Why our pricing is public — and why most SaaS pricing isn't
Three numbers on our pricing page: $489, $1,490, Custom. No "starts at." No "request a demo to learn more." No 14-step qualification form.
This is unusual. Most enterprise SaaS hides pricing. Here's what they're doing and why we're not doing it.
The standard playbook: surface a "talk to sales" CTA, qualify the lead through six rounds of discovery calls, anchor high in proposal, negotiate down for the prospect to feel like they "won." Sales cycle: 60-120 days for mid-market, 6-9 months for enterprise.
This works for the vendor. The customer pays a price calibrated to their pain threshold rather than to actual COGS or value-based pricing. Two customers with identical workloads can pay 5-10× different prices depending on how good their negotiator is.
For our market — independent and small-group dealerships — that playbook is actively hostile. Dealers don't have procurement teams. They don't have time for six discovery calls. They want to know if a tool fits their budget in 90 seconds.
So we publish.
$489/mo gets you Independent: 1 rooftop, 5 seats, 750 Herald minutes. That's the floor.

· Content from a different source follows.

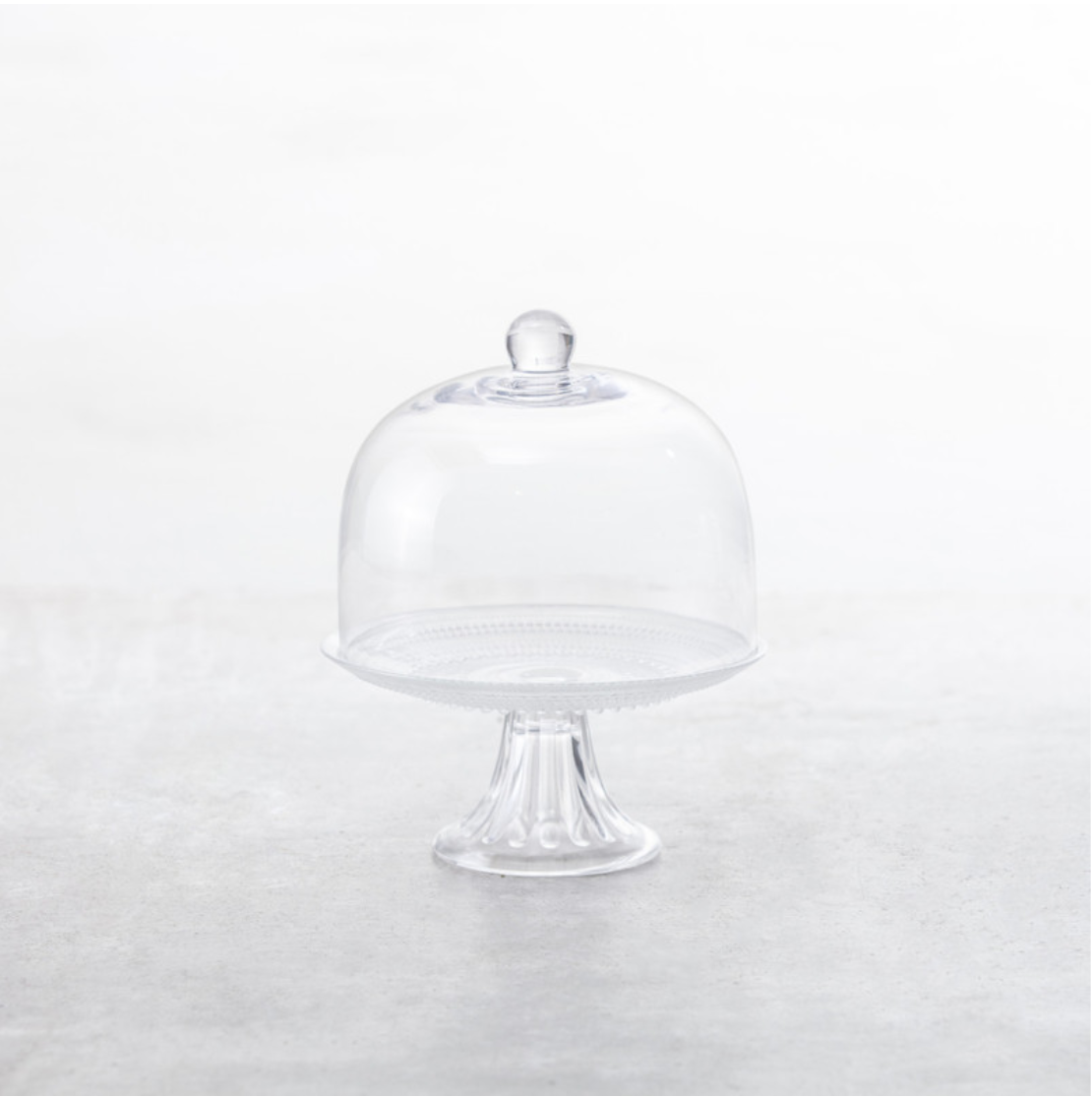 Fortessa Jupiter Glass Dome - Small Clear Glass Cloche for Cakes, Desserts, and Display - Perfect for Home Decor, Wedding Centerpieces, and Bakery Showcases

$1,490/mo per rooftop gets you Franchise: unlimited seats, 3,000 minutes, F&I + advanced reporting.
Enterprise is for multi-rooftop groups (5+) where the math genuinely doesn't fit either tier and we'd rather build a contract than blob it into Franchise.
There's no "but actually we'll discount this 40% on a yearly commit" trick. Annual prepay is 2 months free; that's it.
The cost of public pricing: we lose deals where a competitor buys the customer's attention with a 4-figure dinner and we never get to compete. We accept that — those weren't our customers anyway.
The benefit of public pricing: ~30% of our trial signups come straight off the pricing page without ever talking to a human. They show up Day 1 already convinced. That's the customer we want.
If you're a dealer reading this and your current vendor won't tell you what they're charging the dealer down the road for the same product — that's not normal. That's a tactic. You should be able to look up what something costs.